So...what I''m hinting at is that some targeted research about the nature of the route you will be traveling and then laying up that information alongside your preferred sailing performance would result in, overall, a more satisfying cruise. There are a ton of sites with this kind of info on the Web, altho'' the best single, easily searchable source I know of is a CD compilation of montly bulletins from the SSCA (www.ssca.org, go to Store, Pubs, select CD). Cheap at $20, easily searched with Adobe Reader.

Second, you will find a lot of anecdotal evidence that any of the boats you''ve listed are capable of doing an Atlantic Circle. Mostly, this is because the most common routes involve exclusively in-season temperate climate sailing with - usually -relatively stable weather systems. As a rule (which has exceptions), you won''t find many survival stories when crossing the Atlantic either way and so the typical problems are more generic to sailboats as a group: chafe and failure of running rigging & sails; engine/transmission weak links (misaligned belts, dirty fuel in dirtier fuel tanks, all shaken as well as stirred); crew safety issues (from puncture wounds to staying aboard the mother ship); and of course the most common issue, reliable self-steering (and for that matter, the integrity of the steering system as a whole). This is where most of the problems exist, most of the time.

To spend just a moment at the other end of the weather continuum from what you mentioned (light air sailing), your most likely risks from heavy seas and intense winds will be the following:
- northern route from New England to Ireland (count on little viz and potentially heavy prevailing W''ly winds) or the traditional guide book advice of ''up to 38-40N, then ride the W''lies'' which fails to point out this guarantees a succession of lows and their frontal systems marching past
- crossing the Gulf Stream, which can always have at least a few surprises when a front, opposing current, and some form of localized convective junk are mixed together
- leaving the Med too late in the season(usually anytime from early Oct onward) and being beat up heading for Mediera or the Canaries instead of enjoying the Portuguese Trades most of the way

Why do I mention these?
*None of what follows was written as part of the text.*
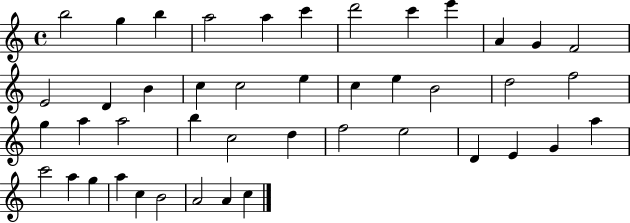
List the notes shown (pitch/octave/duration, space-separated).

B5/h G5/q B5/q A5/h A5/q C6/q D6/h C6/q E6/q A4/q G4/q F4/h E4/h D4/q B4/q C5/q C5/h E5/q C5/q E5/q B4/h D5/h F5/h G5/q A5/q A5/h B5/q C5/h D5/q F5/h E5/h D4/q E4/q G4/q A5/q C6/h A5/q G5/q A5/q C5/q B4/h A4/h A4/q C5/q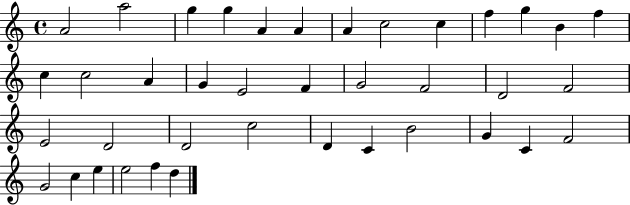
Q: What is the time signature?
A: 4/4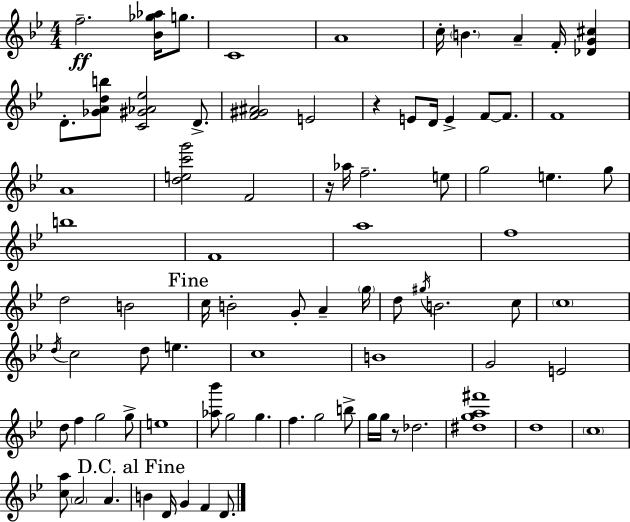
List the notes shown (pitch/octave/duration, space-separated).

Somewhat counter-intuitively, the way one mitigates these threats today is the same way one avoids disappointing sailing in too-light winds, and it''s this suggestion I think is especially important to you, given your stated preferences. It used to be that we only had pilot charts and guide book advice to go on when planning a route. Once we left and the initial, local wx f''cast vaporized, we just hung in there and took what came. If the Azores High was a little north this year, we found disappointing winds. If the Spring to Summer transition came later than normal in the N Atlantic (this happened in both 2003 and 2004), then we got plastered with one front after the next, its clocking winds (which can head the boat and beat up both it and the crew) and its heavy seas. But this is the way it used to be. Today, it''s very common for boats making any ocean crossing to be pulling down real-time weather f''cast products, daily or perhaps even multiple times daily, and then reshaping their route as they sail it. E.g. in 2003 we could dial in our wind speed within a 5 knot range (and the resulting seas) simply by monitoring the Azores High''s position and the tracks of the lows to our north. When leaving Horta for Falmouth, where the conventional route has one going far west of the rhumb line to avoid being embayed in Biscay with successive gales, we were able to cut many miles off while monitoring N Atlantic systems and their respective tracks.
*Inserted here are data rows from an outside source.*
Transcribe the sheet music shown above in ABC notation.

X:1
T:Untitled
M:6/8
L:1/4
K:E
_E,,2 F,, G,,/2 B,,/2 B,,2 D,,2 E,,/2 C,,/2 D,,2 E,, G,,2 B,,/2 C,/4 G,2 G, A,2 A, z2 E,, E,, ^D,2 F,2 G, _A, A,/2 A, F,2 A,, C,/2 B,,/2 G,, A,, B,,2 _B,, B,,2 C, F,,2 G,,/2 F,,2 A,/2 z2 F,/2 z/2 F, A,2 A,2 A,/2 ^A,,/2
So...what I''m suggesting is that, to some extent, the kind of sailing you aspire to be doing is under your control NOT just by the kind of boat you pick but by how you prepare your boat & your self in obtaining wx data and using it knowledgeably. This will also help you qualitatively improve your local cruising, as well, once you arrive in Europe and again when you return via the Caribbean. There is a huge wealth of info available on the Web when you reach the point of preparing, altho'' it''s fair to point out the most complete single source of wx f''cast products at this time is available from the Winlink system (www.winlink.org), which requires an amateur radio license (and the time to get it), a SSB transceiver, a ''radio modem'' and a good backstay antenna. To offset these expenses, I''ll point out we have had onboard email (24/7) and abundant wx f''cast products since 1999 and have yet to pay a penny for them. And to get you started on examining some of the web resources when the time comes, I''d suggest you visit www.franksingleton.clara.net among other sites; very comprehensive re: Euro wx f''cast products.
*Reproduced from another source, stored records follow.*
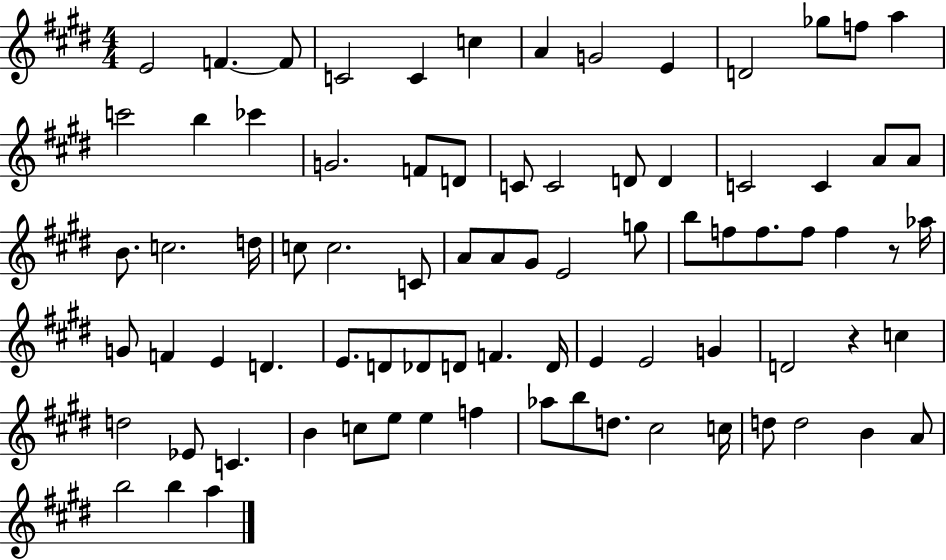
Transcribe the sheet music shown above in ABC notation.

X:1
T:Untitled
M:4/4
L:1/4
K:E
E2 F F/2 C2 C c A G2 E D2 _g/2 f/2 a c'2 b _c' G2 F/2 D/2 C/2 C2 D/2 D C2 C A/2 A/2 B/2 c2 d/4 c/2 c2 C/2 A/2 A/2 ^G/2 E2 g/2 b/2 f/2 f/2 f/2 f z/2 _a/4 G/2 F E D E/2 D/2 _D/2 D/2 F D/4 E E2 G D2 z c d2 _E/2 C B c/2 e/2 e f _a/2 b/2 d/2 ^c2 c/4 d/2 d2 B A/2 b2 b a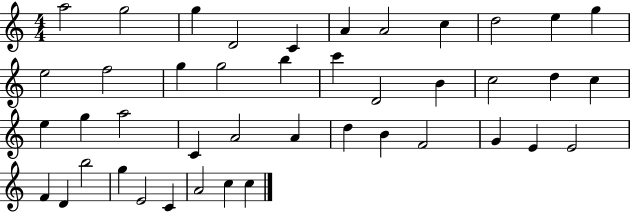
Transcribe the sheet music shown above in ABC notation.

X:1
T:Untitled
M:4/4
L:1/4
K:C
a2 g2 g D2 C A A2 c d2 e g e2 f2 g g2 b c' D2 B c2 d c e g a2 C A2 A d B F2 G E E2 F D b2 g E2 C A2 c c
And finally, while your Euro preparations may be less extensive than those of us planning to cruise here a while, you may find it helpful to visit www.svsarah.com/Whoosh/Whoosh%20Main%20Page.htm where I''ve placed some articles on preparing a N American boat for the Euro infrastructure.

I didn''t plan this to be so long; sorry abut that. Let''s see what others think about some of these specific boats...

Jack


----------



## paulk (Jun 2, 2000)

Some reading (if you haven''t already gotten to these): Practical Sailor''s book: Used Boat Buyers Guide. They have good, in-depth reviews (biased, perhaps, but not by advertisers!) of many of the boats you''re thinking about. Also, Steve Dashew''s Circumnavigator''s Handbook. Have fun!


----------



## Jeff_H (Feb 26, 2000)

I went through almost the same search a few years ago with a slightly higher budget than yours. 

One of the issues in your search will be finding a performance boat within your price range with decent seakeeping ability and at the same time, enough robustness to stand up to the large amount of useage implied by a North Atlantic Circle. To put this in perspective, a heavily used but otherwise normal performance coastal cruiser might sail something like 800 to 1000 miles per year. When people talk about the ''North Atlantic circle'' there seems to be somewhat differing views of that term, but near as I can tell the various routes are minimally 7,500 miles but are generally closer to 10,000-11,000 miles. In other words, something on the order of 10 -11 years of very hard use. 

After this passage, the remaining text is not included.